# Goal of the exercise
Write again exactly the lines in the listing below, starting at the line with "Radioactive Plaque Placement" and ending at the line with "Close-up of a", both included. Pictures are not copied.

# Source records
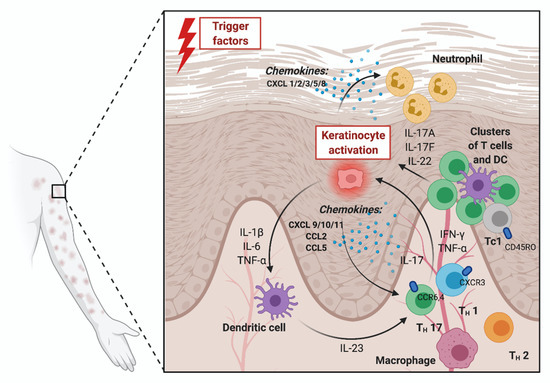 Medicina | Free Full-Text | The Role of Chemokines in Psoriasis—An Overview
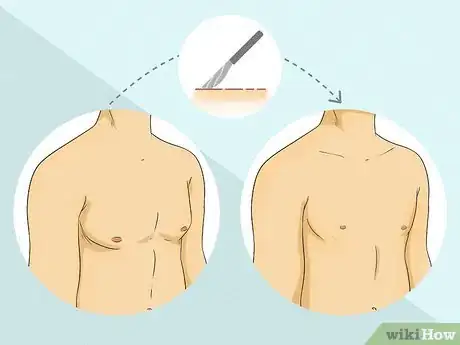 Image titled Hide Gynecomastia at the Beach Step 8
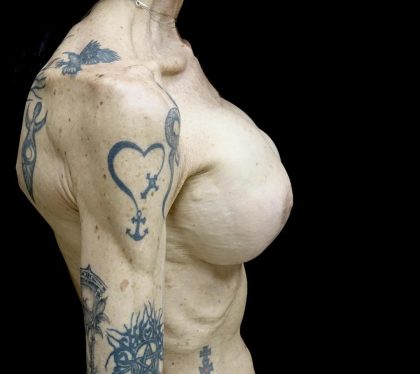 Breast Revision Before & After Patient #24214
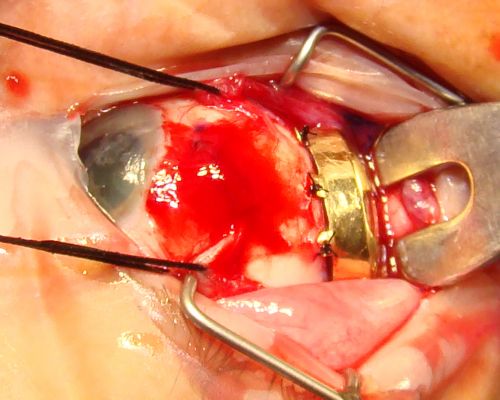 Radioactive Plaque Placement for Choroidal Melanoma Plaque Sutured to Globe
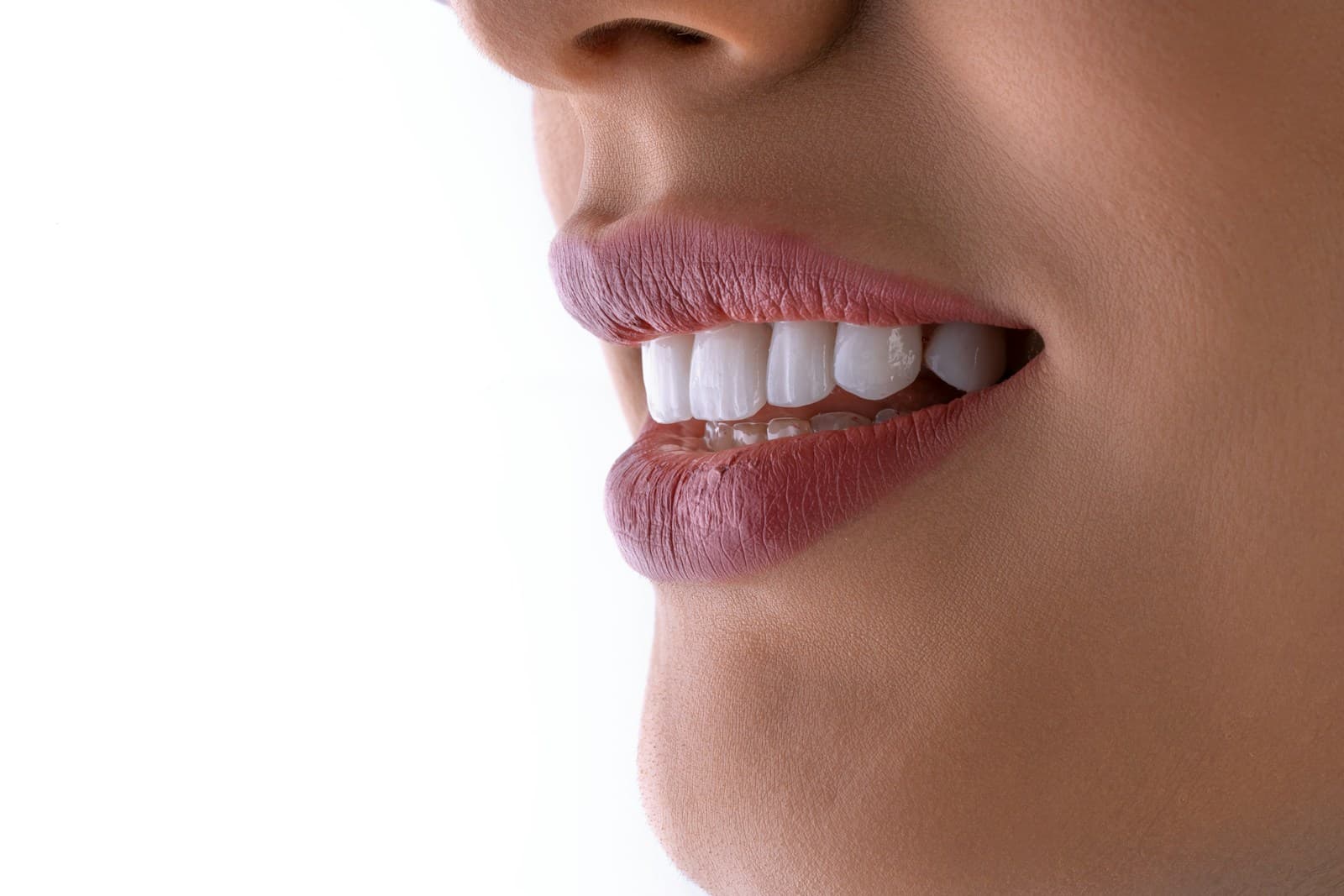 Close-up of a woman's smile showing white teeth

...

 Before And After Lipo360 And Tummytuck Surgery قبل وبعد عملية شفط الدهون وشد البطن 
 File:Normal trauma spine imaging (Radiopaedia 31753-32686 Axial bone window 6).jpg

# Output below
 Radioactive Plaque Placement for Choroidal Melanoma Plaque Sutured to Globe
 Close-up of a woman's smile showing white teeth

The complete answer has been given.